DATASET CONTENT
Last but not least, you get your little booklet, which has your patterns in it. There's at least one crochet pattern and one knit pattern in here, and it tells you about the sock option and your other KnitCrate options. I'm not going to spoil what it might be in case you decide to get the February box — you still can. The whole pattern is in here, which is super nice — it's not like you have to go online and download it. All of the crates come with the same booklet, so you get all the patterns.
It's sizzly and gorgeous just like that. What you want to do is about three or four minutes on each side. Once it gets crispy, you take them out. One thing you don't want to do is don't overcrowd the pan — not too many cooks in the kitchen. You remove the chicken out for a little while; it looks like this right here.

---

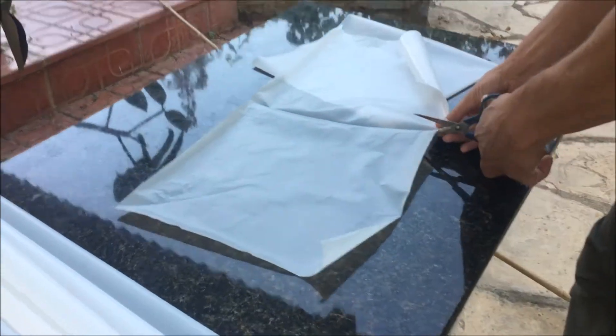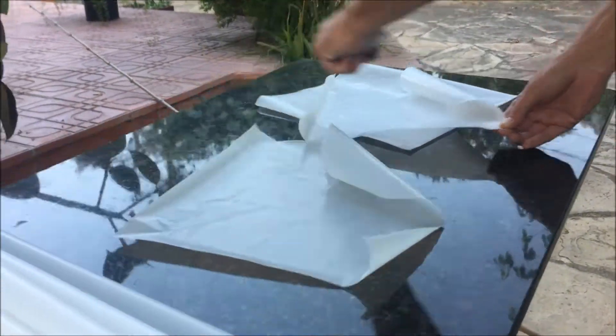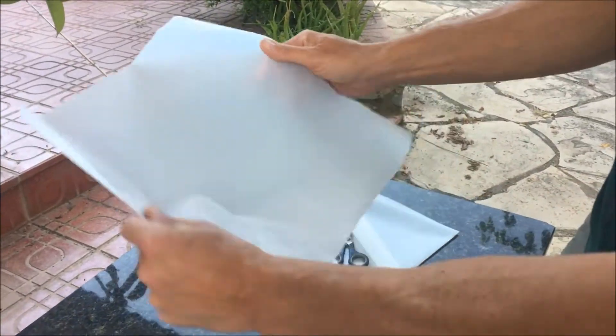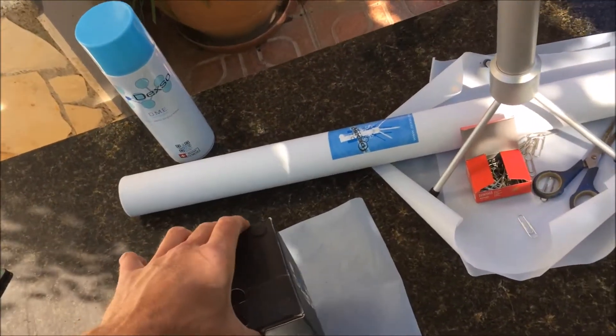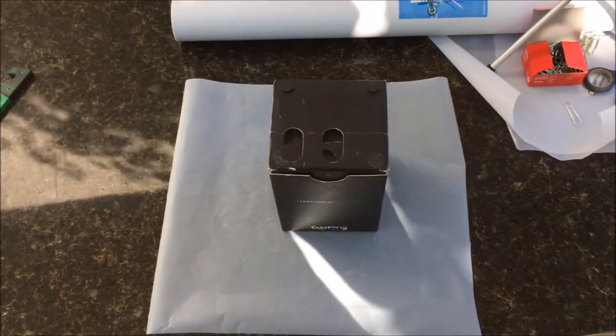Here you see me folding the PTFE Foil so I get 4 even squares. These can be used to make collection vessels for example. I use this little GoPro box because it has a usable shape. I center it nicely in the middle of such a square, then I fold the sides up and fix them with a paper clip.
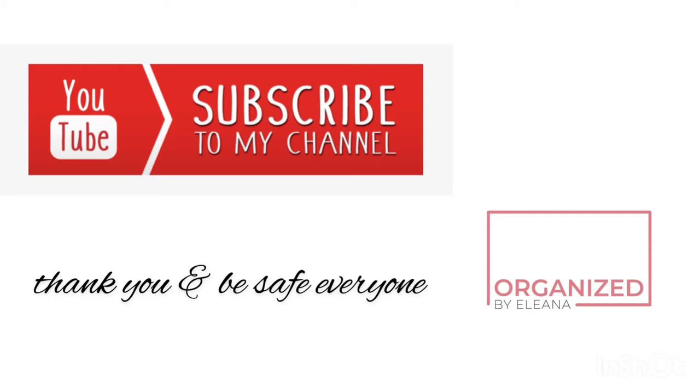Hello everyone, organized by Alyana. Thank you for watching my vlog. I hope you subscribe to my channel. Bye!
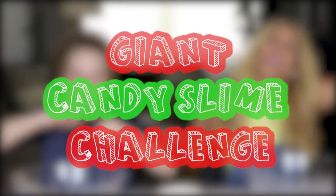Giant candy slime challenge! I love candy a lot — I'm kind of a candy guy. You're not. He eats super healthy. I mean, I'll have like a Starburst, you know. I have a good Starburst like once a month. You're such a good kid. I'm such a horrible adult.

...

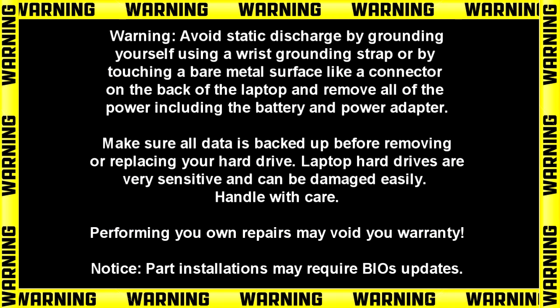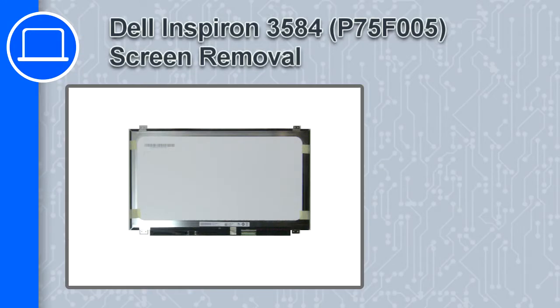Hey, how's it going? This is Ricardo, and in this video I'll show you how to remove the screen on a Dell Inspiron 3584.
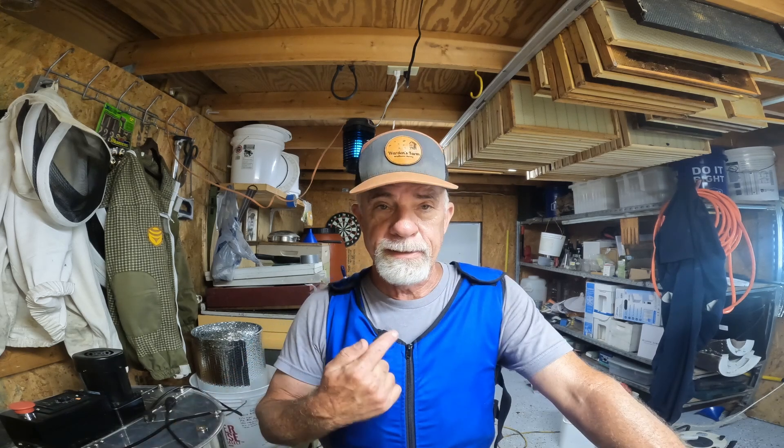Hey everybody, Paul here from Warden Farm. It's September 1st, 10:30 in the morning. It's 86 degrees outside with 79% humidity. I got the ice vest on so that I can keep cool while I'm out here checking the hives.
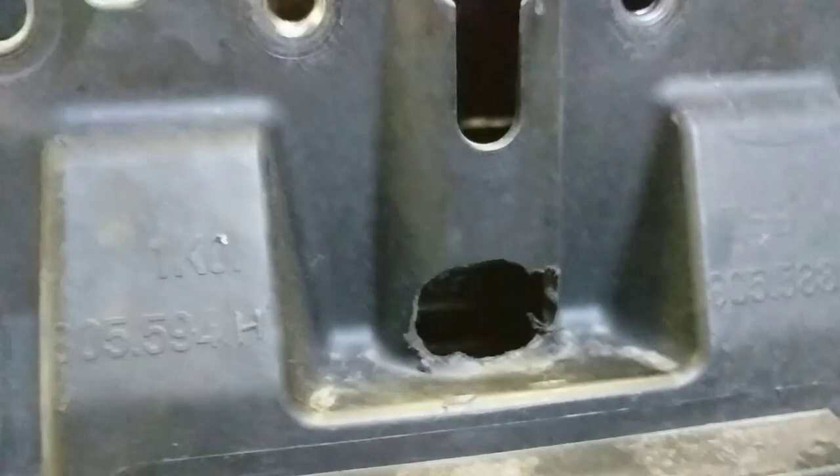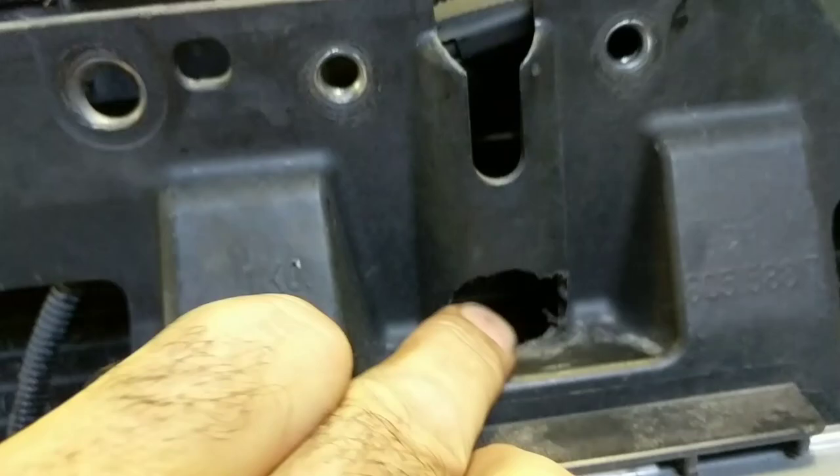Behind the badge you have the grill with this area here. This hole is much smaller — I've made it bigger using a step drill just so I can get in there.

EXERCISE
Would you print exactly the lines in the listing above, from the line bearing "Hey, how's it" through the line bearing "Behind the badge", leaving out all pictures?

OUTPUT FOR THIS EXERCISE
Hey, how's it going? This is Ricardo, and in this video I'll show you how to remove the screen on a Dell Inspiron 3584.
Hey everybody, Paul here from Warden Farm. It's September 1st, 10:30 in the morning. It's 86 degrees outside with 79% humidity. I got the ice vest on so that I can keep cool while I'm out here checking the hives.
Behind the badge you have the grill with this area here. This hole is much smaller — I've made it bigger using a step drill just so I can get in there.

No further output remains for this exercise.